Image-backed grounding data:
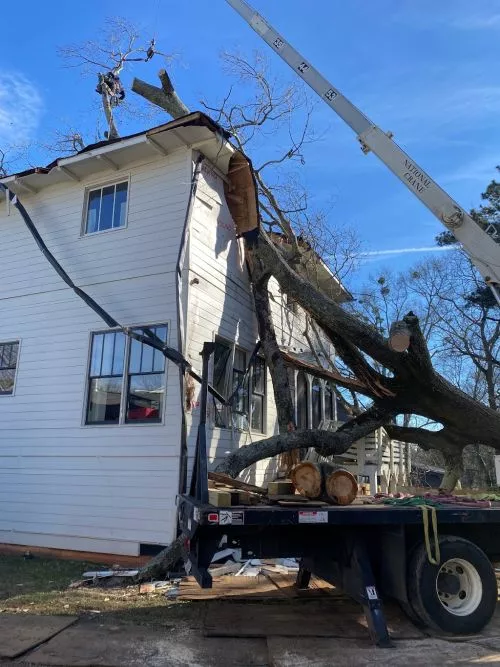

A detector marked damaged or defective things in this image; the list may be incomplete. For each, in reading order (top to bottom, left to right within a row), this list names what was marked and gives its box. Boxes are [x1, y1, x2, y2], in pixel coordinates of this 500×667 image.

damaged siding board [0, 149, 191, 556]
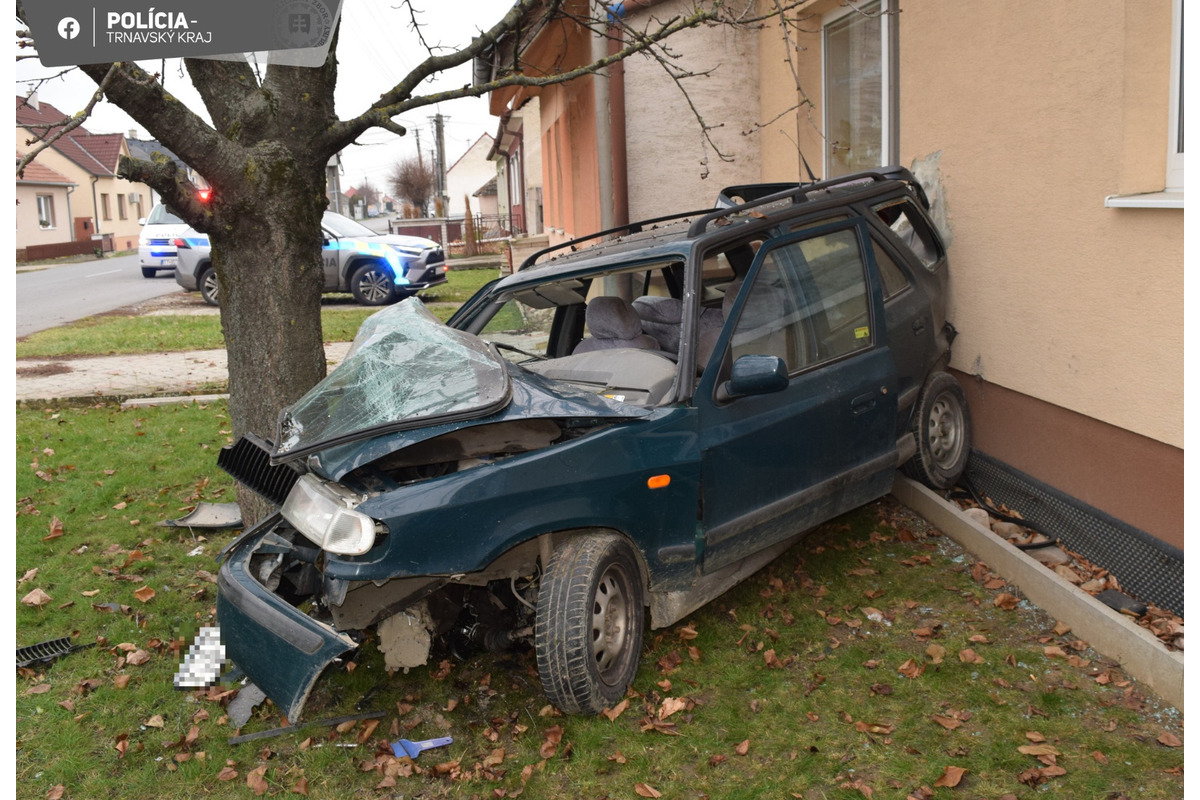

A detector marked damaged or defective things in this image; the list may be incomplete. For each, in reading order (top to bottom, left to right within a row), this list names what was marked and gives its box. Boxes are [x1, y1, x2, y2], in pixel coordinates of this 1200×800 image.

broken headlight [279, 474, 376, 556]
shattered windshield [274, 299, 511, 460]
crumpled car hood [274, 298, 648, 474]
crashed green car [175, 169, 964, 719]
detached front bumper [210, 515, 355, 724]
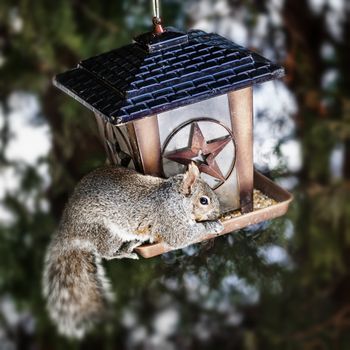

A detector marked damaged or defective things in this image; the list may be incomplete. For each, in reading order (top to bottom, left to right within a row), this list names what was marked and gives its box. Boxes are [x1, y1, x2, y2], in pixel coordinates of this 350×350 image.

rusty metal surface [228, 87, 253, 213]
rusty metal surface [134, 171, 292, 258]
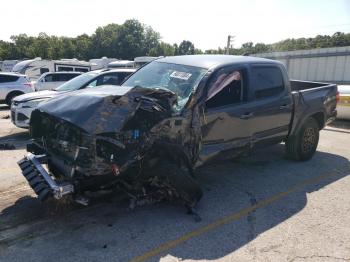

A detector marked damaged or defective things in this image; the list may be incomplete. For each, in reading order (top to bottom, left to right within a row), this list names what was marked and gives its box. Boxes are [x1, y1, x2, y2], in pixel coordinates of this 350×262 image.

crushed hood [34, 86, 178, 134]
damaged toyota tacoma [17, 55, 340, 211]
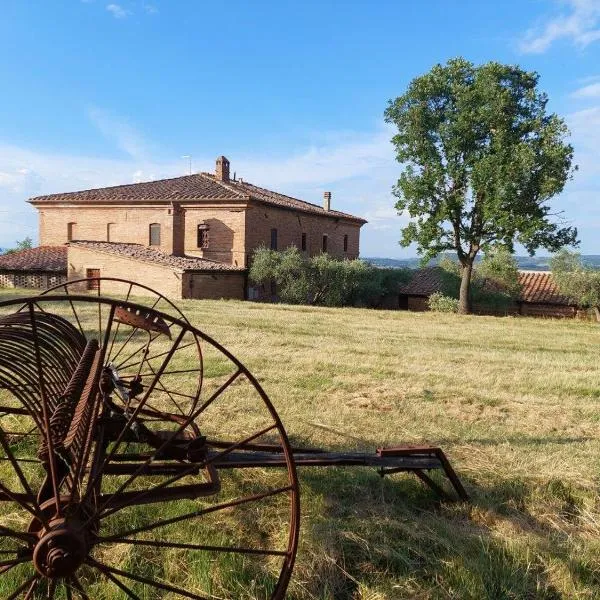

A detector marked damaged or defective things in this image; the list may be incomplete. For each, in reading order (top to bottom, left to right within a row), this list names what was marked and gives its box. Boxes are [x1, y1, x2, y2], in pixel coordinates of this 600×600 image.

rusty farm equipment [0, 282, 468, 600]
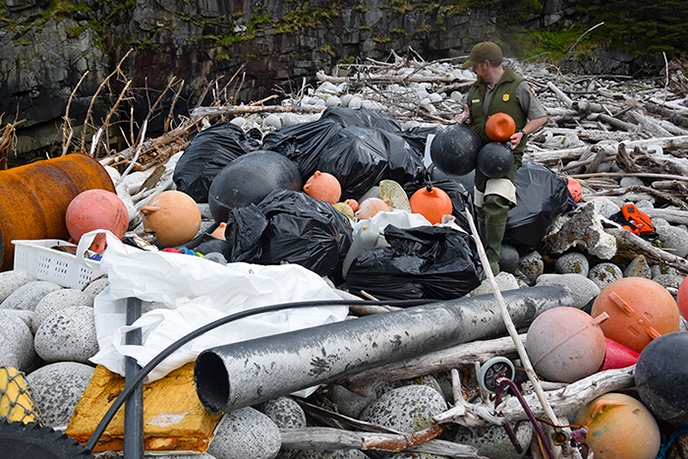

- _DIRECTIONS FOR THIS TASK_: Return exactly, with no pictures, each line from the one that contains "this 600×600 image." through the end of the entries above, both ends included.

- _ANSWER BOX_:
A detector marked damaged or defective things in this image; the list may be incomplete. For each, in reading order (top to bottom, left to right within a row), this list names what was marked and gives its box. Boxes are [x1, y1, x2, y2], in pixel coordinates of this 600×600 image.

rusty farm equipment [0, 282, 468, 600]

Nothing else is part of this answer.